(Stored records)
----------------

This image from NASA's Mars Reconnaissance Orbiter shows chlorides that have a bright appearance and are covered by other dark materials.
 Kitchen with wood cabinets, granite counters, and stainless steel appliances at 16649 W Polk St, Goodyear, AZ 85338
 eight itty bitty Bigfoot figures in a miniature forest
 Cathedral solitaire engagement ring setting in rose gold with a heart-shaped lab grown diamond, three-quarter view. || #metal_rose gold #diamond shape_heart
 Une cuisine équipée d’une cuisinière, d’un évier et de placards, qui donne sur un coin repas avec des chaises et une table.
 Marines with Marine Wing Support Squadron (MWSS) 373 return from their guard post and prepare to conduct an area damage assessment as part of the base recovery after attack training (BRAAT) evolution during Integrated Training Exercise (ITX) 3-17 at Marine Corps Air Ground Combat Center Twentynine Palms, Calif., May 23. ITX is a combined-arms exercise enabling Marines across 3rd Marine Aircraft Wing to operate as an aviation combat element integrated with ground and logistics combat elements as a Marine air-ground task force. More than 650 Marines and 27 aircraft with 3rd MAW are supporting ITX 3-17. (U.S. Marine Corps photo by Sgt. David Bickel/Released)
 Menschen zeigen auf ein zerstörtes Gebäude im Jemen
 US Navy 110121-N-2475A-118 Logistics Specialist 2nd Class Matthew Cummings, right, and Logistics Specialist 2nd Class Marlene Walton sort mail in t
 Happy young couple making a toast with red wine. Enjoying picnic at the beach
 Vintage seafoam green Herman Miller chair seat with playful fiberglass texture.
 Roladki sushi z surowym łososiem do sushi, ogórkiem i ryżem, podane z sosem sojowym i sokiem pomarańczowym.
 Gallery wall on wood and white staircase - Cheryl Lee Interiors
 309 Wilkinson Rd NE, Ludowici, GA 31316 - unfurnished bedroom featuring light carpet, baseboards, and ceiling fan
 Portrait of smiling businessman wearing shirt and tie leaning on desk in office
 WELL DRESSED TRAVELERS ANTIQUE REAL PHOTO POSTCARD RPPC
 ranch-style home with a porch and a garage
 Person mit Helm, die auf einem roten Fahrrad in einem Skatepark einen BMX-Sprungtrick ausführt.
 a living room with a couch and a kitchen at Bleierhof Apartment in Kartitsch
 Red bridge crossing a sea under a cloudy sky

----------------

# HOW TO COMPLETE THIS TASK
Each line in the entries above, starting at the line with "Cathedral solitaire engagement" and ending at the line with "Une cuisine équipée", is to be printed exactly, and only those lines.

# REPLY
 Cathedral solitaire engagement ring setting in rose gold with a heart-shaped lab grown diamond, three-quarter view. || #metal_rose gold #diamond shape_heart
 Une cuisine équipée d’une cuisinière, d’un évier et de placards, qui donne sur un coin repas avec des chaises et une table.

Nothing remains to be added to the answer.